-- Opening Marker --
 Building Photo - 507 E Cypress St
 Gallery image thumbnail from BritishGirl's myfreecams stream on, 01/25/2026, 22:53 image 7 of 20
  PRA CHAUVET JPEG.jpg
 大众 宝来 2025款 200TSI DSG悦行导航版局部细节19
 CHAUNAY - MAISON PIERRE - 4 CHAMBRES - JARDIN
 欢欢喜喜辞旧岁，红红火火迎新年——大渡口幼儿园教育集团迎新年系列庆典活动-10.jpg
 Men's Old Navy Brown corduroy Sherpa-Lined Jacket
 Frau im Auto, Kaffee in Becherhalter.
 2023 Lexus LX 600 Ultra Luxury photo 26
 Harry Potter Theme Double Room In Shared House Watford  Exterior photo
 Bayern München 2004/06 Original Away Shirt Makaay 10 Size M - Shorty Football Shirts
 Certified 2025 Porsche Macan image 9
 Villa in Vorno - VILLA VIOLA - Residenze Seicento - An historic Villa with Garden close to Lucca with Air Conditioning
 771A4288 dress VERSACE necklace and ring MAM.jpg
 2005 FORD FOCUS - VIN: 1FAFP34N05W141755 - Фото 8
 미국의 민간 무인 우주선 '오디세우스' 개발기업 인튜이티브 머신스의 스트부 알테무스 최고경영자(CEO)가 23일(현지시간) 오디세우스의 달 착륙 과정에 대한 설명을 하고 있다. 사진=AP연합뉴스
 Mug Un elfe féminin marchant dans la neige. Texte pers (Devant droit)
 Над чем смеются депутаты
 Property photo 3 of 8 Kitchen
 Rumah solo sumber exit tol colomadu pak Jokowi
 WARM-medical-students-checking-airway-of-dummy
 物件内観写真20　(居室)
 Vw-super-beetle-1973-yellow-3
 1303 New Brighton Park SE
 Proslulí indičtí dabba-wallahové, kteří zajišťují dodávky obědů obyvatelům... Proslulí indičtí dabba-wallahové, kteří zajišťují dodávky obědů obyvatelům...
-- Closing Marker --
▸ **Assignment**
Write out exactly the lines that run from the one containing "Vw-super-beetle-1973-yellow-3" to the end of the records, both end lines included.

▸ **Answer box**
 Vw-super-beetle-1973-yellow-3
 1303 New Brighton Park SE
 Proslulí indičtí dabba-wallahové, kteří zajišťují dodávky obědů obyvatelům... Proslulí indičtí dabba-wallahové, kteří zajišťují dodávky obědů obyvatelům...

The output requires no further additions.